Afastado dos palcos há nove anos, Milton Gonçalves ficou muito animado com a possibilidade de voltar ao teatro, onde iniciou sua carreira há meio século. Dizendo-se meio enferrujado, o ator revela que ficou inseguro ao receber o convite, mas logo topou o desafio: “Quando o Bruce me ligou, fiquei meio tonto, mas gosto de briga, gosto de bater de frente, sou abusado, então decidi encarar. Nas tábuas sagradas de um palco a gente tem que exercitar o nosso mais profundo respeito pelo público que ali está. Esta disciplina eu tenho, estava aqui adormecida”. Íntimo da cultura judaica, Milton diz que tem muitos amigos que seguem a religião e conta que começou a fazer teatro por influência de um deles.

Ao discursar sobre o Holocausto, Milton compara uma das passagens mais violentas da história mundial à escravidão: “Os negros vieram da África algemados e tiveram suas famílias divididas para que perdessem suas identidades. Me sinto honrado em participar de um espetáculo como este porque tenho certeza de que isso vai provocar uma análise sobre a história do nosso país”.

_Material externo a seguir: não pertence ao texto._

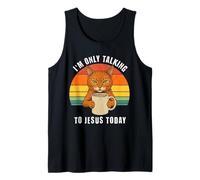 I'm Only Talking to Jesus Today Cat Coffee Tank Top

Mesmo não tendo um conhecimento vasto sobre a língua inglesa, Gonçalves está se entendendo muito bem com o diretor Robert Castle. Disciplinado, o ator procura atender às exigências do norte-americano. Na pele de Otto Frank, Milton contracena a maior parte do espetáculo com a jovem Yasmin Gomlevsky e não poupa elogios à estreante: “Ela tem uma energia fantástica. Minhas filhas eram iguais a ela na adolescência, muito velozes, espevitadas e atentas a tudo”, diz.

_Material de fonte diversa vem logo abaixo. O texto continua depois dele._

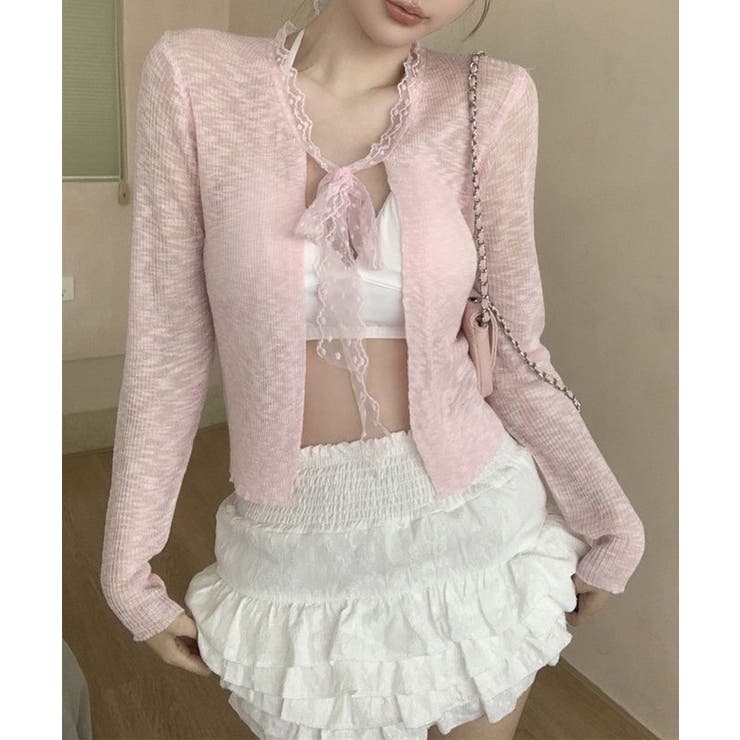 ピンク | サマーニットカーディガン レースボウタイ | Miniministore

Pierre Baitelli vive Peter Van Daan, um jovem tímido e retraído que descobre o primeiro amor ao dividir a mesma casa com Anne Frank e sua família: “Ele é muito introspectivo, mas vê na Anne a possibilidade de ser diferente. Ela é uma menina espalhafatosa e barulhenta e ele acaba se encantando por ela”. O ator só fica no elenco de “O Diário de Anne Frank” por um mês, já que em 10 de julho reestreia a nova temporada do musical “O Despertar da Primavera” em São Paulo. O ator será substituído por João Pedro Zappa, que contracenou com Pierre na minissérie “Cinquentinha”, da TV Globo.

Preparar-se para esta montagem foi um desafio e tanto para Pierre, que precisou ensaiar ao mesmo tempo “O Diário de Anne Frank” e “Hedwig e o Centímetro Enfurecido”, que estreia no Rio de Janeiro em agosto. Com direção de Evandro Mesquita, Baitelli e Paulinho Vilhena farão travestis no musical. As principais dificuldades encontradas por Pierre neste novo projeto é aprender a andar de salto, se adaptar a ter uma peruca na cabeça e saber como sentar-se usando uma minissaia: “A intenção é não deixar o personagem cair em uma caricatura. Acho mais interessante observar a expressão corporal de mulheres do que a de um travesti porque acho que desta maneira o papel não ficará tão estereotipado. Ainda tenho muito chão pela frente para construir o Hedwig”, revela o ator.